Isso, porém, não se aplica à lenda do soul Bill Withers, que entrou no panteão neste ano, mas passou as últimas três décadas em uma espécie de aposentadoria musical.
Quando uma homenagem à sua obra for realizada no Carnegie Hall em 1º de outubro, com uma escalação que inclui Ed Sheeran, D’Angelo, Michael McDonald, Aloe Blacc e Dr. John, é improvável que Withers cante uma nota sequer. “Eu não cedia à pressão de outras pessoas quando tinha 35 anos e continuo igual aos 77”, disse.
O show no Carnegie e a entrada no Hall da Fama marcam um ano incomum de exposição pública para Withers, que lançou seu último disco em 1985, mas cuja obra se mantém onipresente. Seus maiores sucessos, “Lean on Me” e “Ain’t No Sunshine”, são exemplos de devoção e perda capazes de sustentar um filme inteiro de Hollywood. Ele dedilhava um violão como muitos compositores no início dos anos 1970 e, hoje em dia, a simplicidade crua de suas gravações pode ser ouvida em samples feitos por artistas como Dr. Dre, Kanye West e Kendrick Lamar.
“Withers é como Stevie Wonder, Michael Jackson e os Beatles, que exercem uma enorme influência sobre o público e outros músicos”, disse Ed Sheeran. “Mesmo uma pessoa que não seja fã em algum ponto da vida é influenciada por alguém que foi influenciado por eles.”
Em uma carreira fonográfica que teve início com o disco “Just As I Am”, em 1971, e durou apenas 14 anos, Withers desenvolveu um estilo como cantor e compositor confessional, baseado em blues ousados e rhythm and blues, marcante na época. Lançou sucessos dançantes como “Use Me”; a canção chorosa e quase brega “Just the Two of Us” em dueto com Grover Washington Jr.; e a poética “Grandma’s Hands”.
Ao longo dos anos, Withers sempre manifestou repúdio à indústria fonográfica, que considera volúvel e manipuladora. Ao mesmo tempo, lucra mantendo o controle de seu catálogo de composições extremamente valioso, que é muito requisitado para filmes e comerciais de TV.

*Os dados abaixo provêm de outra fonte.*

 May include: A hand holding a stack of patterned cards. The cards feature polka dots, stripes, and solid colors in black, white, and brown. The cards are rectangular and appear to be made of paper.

No entanto, Withers é reticente sobre seu processo de criação musical e sua decisão de iniciar carreira relativamente tarde na vida. Ele estava na faixa dos 30 quando começou a gravar, após crescer em uma cidade voltada à mineração de carvão na Virgínia Ocidental, servir na Marinha e trabalhar como mecânico de aviões.
“Não sei tocar violão e piano, mas fiz carreira compondo canções sobre violões e piano”, salientou. “Nunca aprendi música, apenas a fazia instintivamente.”

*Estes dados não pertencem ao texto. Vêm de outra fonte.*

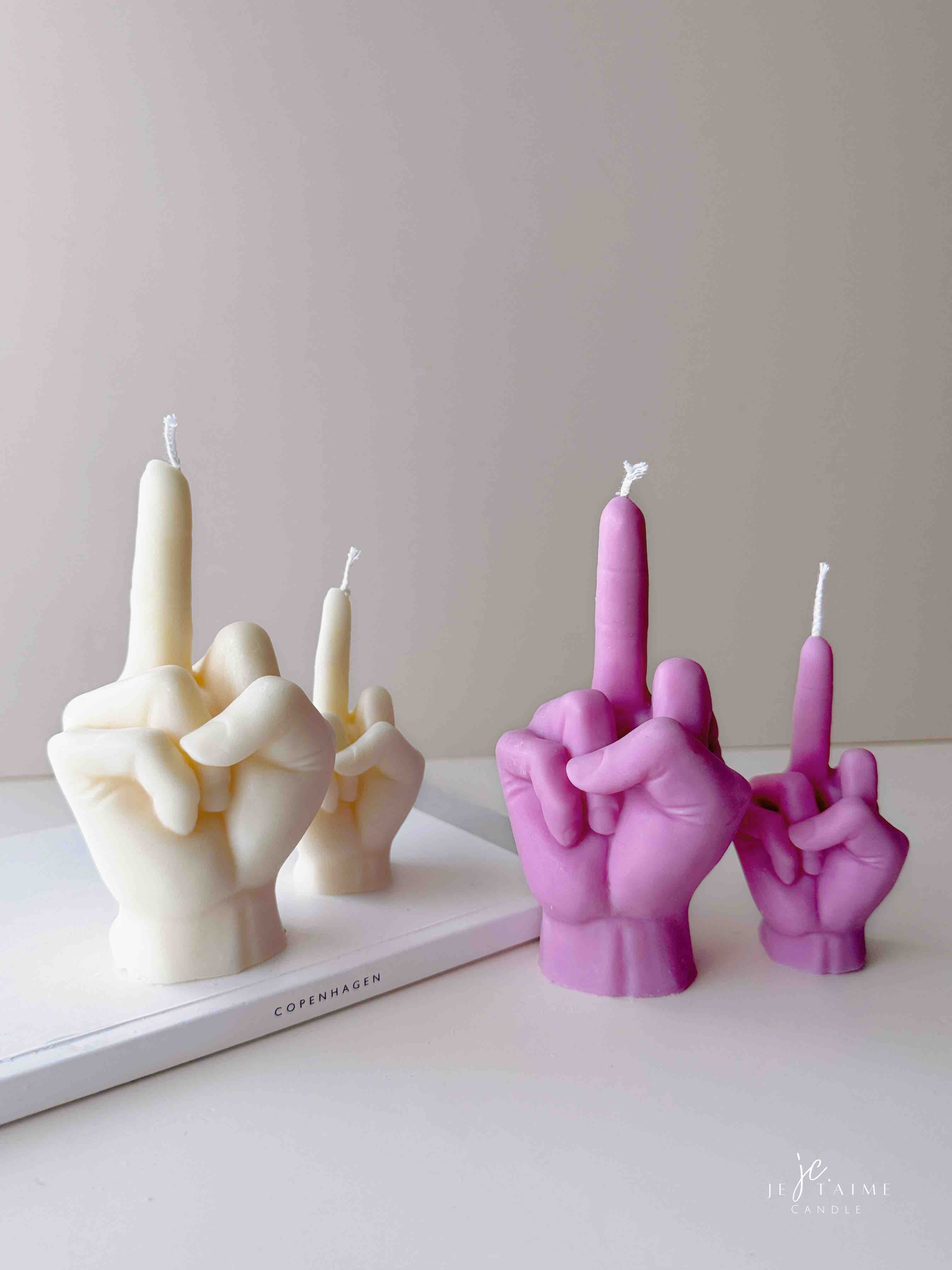 A row of multicolored candles shaped like hands making a gesture, lined up against a plain backdrop.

Withers surgiu como uma espécie de homem do povo musical, fotografado segurando uma marmita na capa de “Just As I Am”. Até hoje, mesmo morando em uma casa confortável em Hollywood Hills e sendo amigo de Stevie Wonder e Johnny Mathis, mantém o anonimato nas ruas e tem um estilo de vida simples.

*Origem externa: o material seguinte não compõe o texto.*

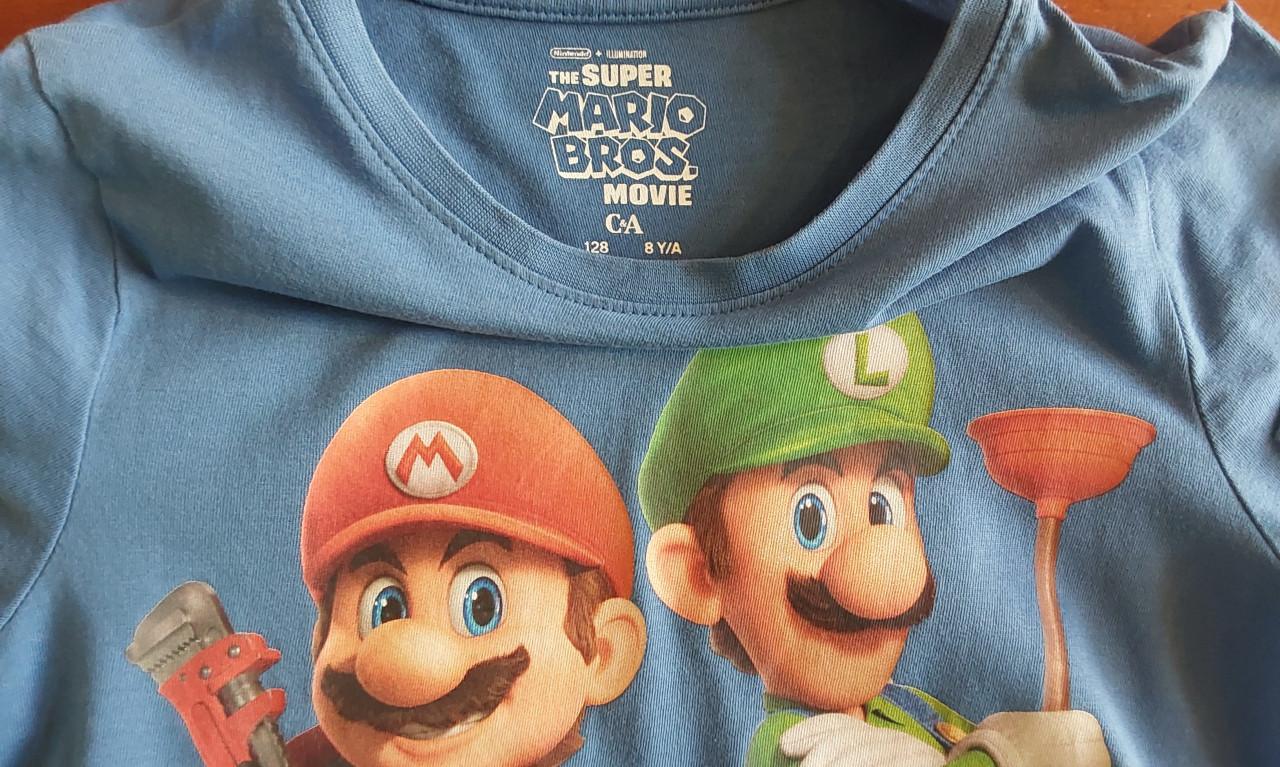 Lichtblauw t-shirt van Super Mario Bros Movie van het merk C&A in maat 128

“É preciso se valorizar”, disse Withers. “Alguém tem de precisar que você apareça para fazer algo. Há muitos jovens que não entendem isso. Se você faz algo de que alguém precisa, dá para se sair bem.”
Ele inicialmente reluta em falar sobre os obstáculos que enfrentou. “Sou um cara negro de 77 anos e tive experiências específicas dessa condição”, afirmou Withers. “Eu era mecânico de aviões na Marinha nos anos 1950, quando ninguém achava que negros tinham capacidade sequer para drenar óleo de um avião.”
Porém, aos poucos, ele abre o jogo sobre música, raça, cultura pop e seu assunto predileto, história americana. Considera sua própria história uma parábola “improvável”, a ascensão de empregos mal remunerados para a fama. Resquícios de discriminação ainda são evidentes quando, por exemplo, a polícia perguntou o que ele estava fazendo sentado em seu carro, perto de sua casa. “Acompanho todas essas fases estranhas dos EUA, toda a sua crueldade e sua bondade”, disse.
Withers não encerrou suas atividades musicais. Ele desenvolve projetos no estúdio montado em sua casa. “Não vou deixar ninguém me enrolar achando que estou velho”, afirmou. “Mas, se eu quiser fazer um monte de música e começar a perder a cabeça, venha me ver e sente-se bem na frente.”